• **WORK ORDER**
Everything in the data that follows should be given again verbatim, except the images.

• **THE DATA**
——————

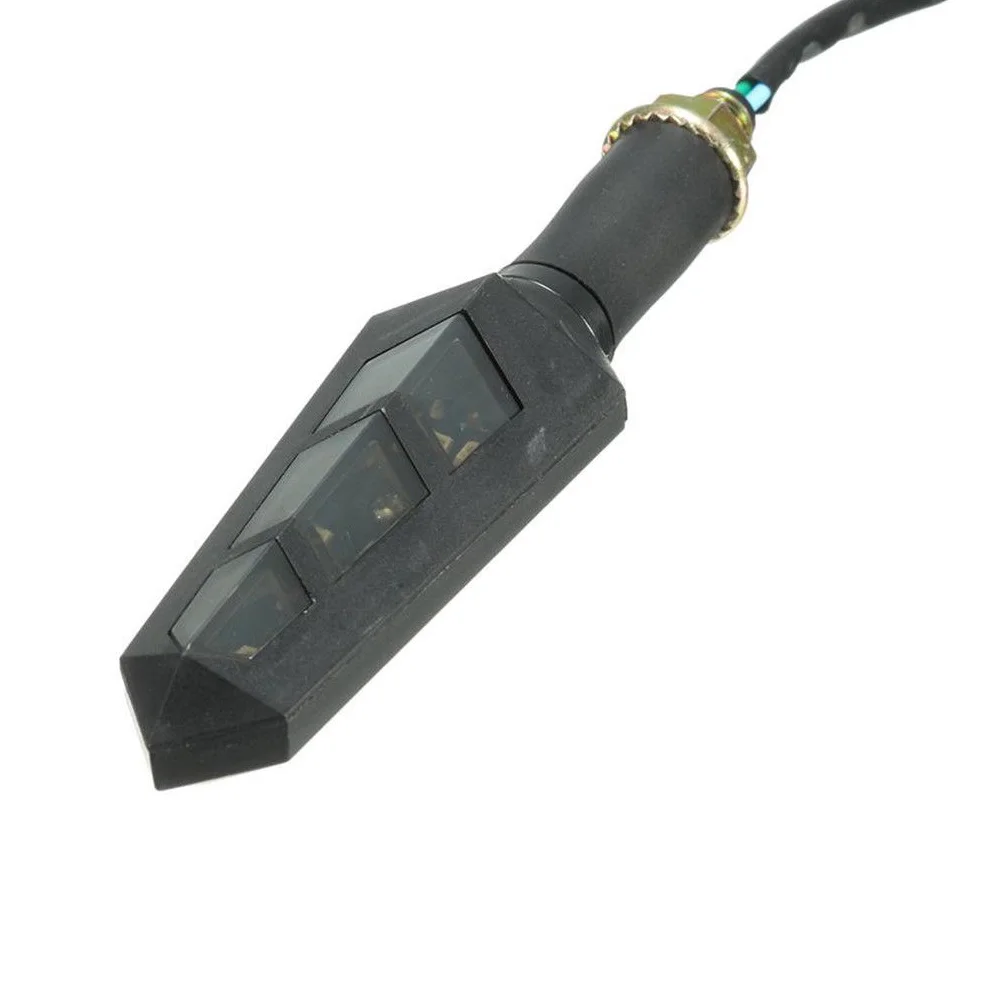 1 шт. Универсальный светодиодный поворотник для мотоцикла 6 светодиодов |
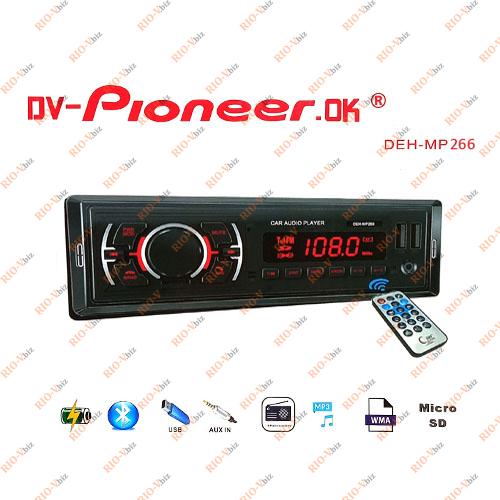 Фотография Автомобільне радіо 266 MP3 FM USB Bluetooth PIONEER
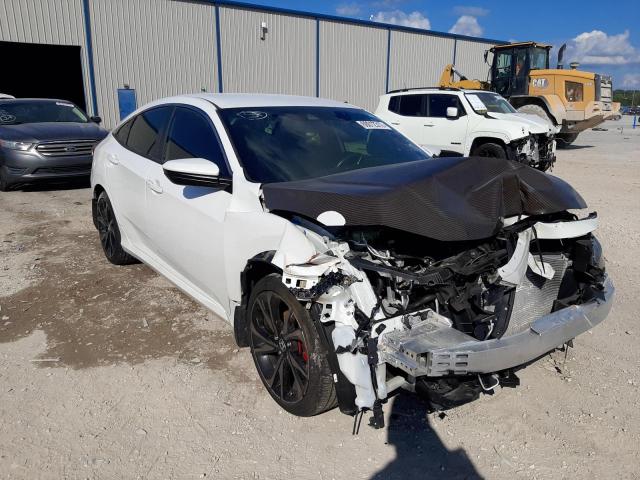 2HGFC2F87KH587548 - 2019 HONDA CIVIC SPOR WHITE photo 1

——————

• **SOLUTION FOR THIS EXERCISE**
 1 шт. Универсальный светодиодный поворотник для мотоцикла 6 светодиодов |
 Фотография Автомобільне радіо 266 MP3 FM USB Bluetooth PIONEER
 2HGFC2F87KH587548 - 2019 HONDA CIVIC SPOR WHITE photo 1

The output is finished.